Eli Zibin

We Built a Minimal Agent REPL

16/02/2026

agents repl typescript

Agents as While Loops: using a tiny terminal REPL to build a simple tool-calling agent.

This is a small and simple learning exercise: make a miniature agent runtime that mimics the fundamentals of a real agent loop. No framework magic, just one clear loop: user input, model output, tool calls, repeat. I was inspired by this tweet below:

A compact way to describe why agent runtime building mostly comes down to loops and structure.

System image

System view of the minimal agent REPL architecture with provider and local tools.
One-screen view: terminal REPL, provider API, and local tools tied together by a tool-call loop.

Live demo

Quick run from the real REPL.

Terminal recording of the agent REPL streaming output, running a tool call, and returning a final answer.
Live terminal pass: prompt -> streamed response -> tool call -> final answer.

Loop diagram

Agent loop diagram showing responses requests, function calls, tool execution, and resume.
Two loops: the outer REPL loop and the inner tool-calling loop.

What we built:

1. Streaming assistant output in the terminal so we can see progress in real time.

2. A thinking indicator before first token so slow turns still feel responsive (super basic).

3. Session save/load so conversations can be resumed.

4. Safe workspace inspection tools for reading and searching local files.

5. Per-turn metrics plus Ctrl+C cancellation.

6. Phase-based reasoning controls for plan/build/review modes.

Safety guardrails

We intentionally kept tool access constrained.

- read_workspace_file blocks absolute paths and parent directory traversal.

- search_workspace skips .git and node_modules.

- Both tools cap bytes/results and skip binary content.

Provider flexibility

The same loop runs on OpenAI or OpenRouter. We can switch providers and models at runtime with /provider and /model, which made testing and comparison much easier.

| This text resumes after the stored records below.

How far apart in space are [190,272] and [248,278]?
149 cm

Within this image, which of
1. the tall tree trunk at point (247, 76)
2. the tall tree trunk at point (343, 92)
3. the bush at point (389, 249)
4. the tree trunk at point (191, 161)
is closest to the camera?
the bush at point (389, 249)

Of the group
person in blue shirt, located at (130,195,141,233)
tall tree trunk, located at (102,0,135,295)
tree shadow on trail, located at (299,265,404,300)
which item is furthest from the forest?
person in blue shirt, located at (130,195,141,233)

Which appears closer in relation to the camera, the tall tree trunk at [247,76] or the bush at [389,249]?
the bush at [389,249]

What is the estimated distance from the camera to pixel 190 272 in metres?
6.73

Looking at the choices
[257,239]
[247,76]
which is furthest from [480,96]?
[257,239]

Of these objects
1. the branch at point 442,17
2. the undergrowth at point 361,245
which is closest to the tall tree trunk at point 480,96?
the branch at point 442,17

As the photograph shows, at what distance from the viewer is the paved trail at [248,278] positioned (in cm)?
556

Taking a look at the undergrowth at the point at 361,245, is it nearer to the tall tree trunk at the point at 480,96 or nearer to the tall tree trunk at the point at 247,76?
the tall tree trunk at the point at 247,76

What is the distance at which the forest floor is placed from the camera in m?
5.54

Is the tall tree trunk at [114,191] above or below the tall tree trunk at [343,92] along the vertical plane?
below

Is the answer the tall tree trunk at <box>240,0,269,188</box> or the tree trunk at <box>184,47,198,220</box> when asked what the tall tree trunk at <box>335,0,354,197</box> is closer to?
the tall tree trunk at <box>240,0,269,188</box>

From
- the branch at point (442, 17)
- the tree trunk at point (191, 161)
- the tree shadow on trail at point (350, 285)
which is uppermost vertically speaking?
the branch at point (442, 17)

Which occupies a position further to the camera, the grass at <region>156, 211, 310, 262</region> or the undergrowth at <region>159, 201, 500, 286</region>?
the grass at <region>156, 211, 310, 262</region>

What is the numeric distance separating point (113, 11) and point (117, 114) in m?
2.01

The tiny tool-calling loop that matters

TS

let response = await responses.create({
  input: history,
  tools,
  stream: true,
});

history.push(...response.output);

while (hasFunctionCalls(response.output)) {
  for (const call of getFunctionCalls(response.output)) {
    const result = await runTool(call.name, JSON.parse(call.arguments));
    history.push({
      type: "function_call_output",
      call_id: call.call_id,
      output: JSON.stringify(result),
    });
  }

  response = await responses.create({
    input: history,
    tools,
    stream: true,
  });

  history.push(...response.output);
}
Minimal tool-call loop: run tool calls, append outputs, continue response.

Metrics screenshot

Single-turn trace with both tool execution and per-turn metrics.

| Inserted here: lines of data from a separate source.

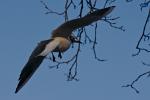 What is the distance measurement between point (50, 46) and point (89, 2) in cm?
161

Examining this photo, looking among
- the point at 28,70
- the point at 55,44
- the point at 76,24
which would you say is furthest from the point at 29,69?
the point at 76,24

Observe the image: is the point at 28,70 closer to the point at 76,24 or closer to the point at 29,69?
the point at 29,69

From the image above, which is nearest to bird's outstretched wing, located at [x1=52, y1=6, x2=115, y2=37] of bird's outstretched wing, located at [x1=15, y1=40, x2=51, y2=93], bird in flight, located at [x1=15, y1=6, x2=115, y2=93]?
bird in flight, located at [x1=15, y1=6, x2=115, y2=93]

Terminal screenshot showing tool call lines and meta metrics output for a completed REPL turn.
One frame showing tool> activity and meta> status, request count, and token metrics.

Conclusion

This was fun and educational: small, understandable, and practical enough to understand. Next step is looking at other more advanced agent runtime features and sdks, but the core loop is working and feels good to build on. Thanks for reading!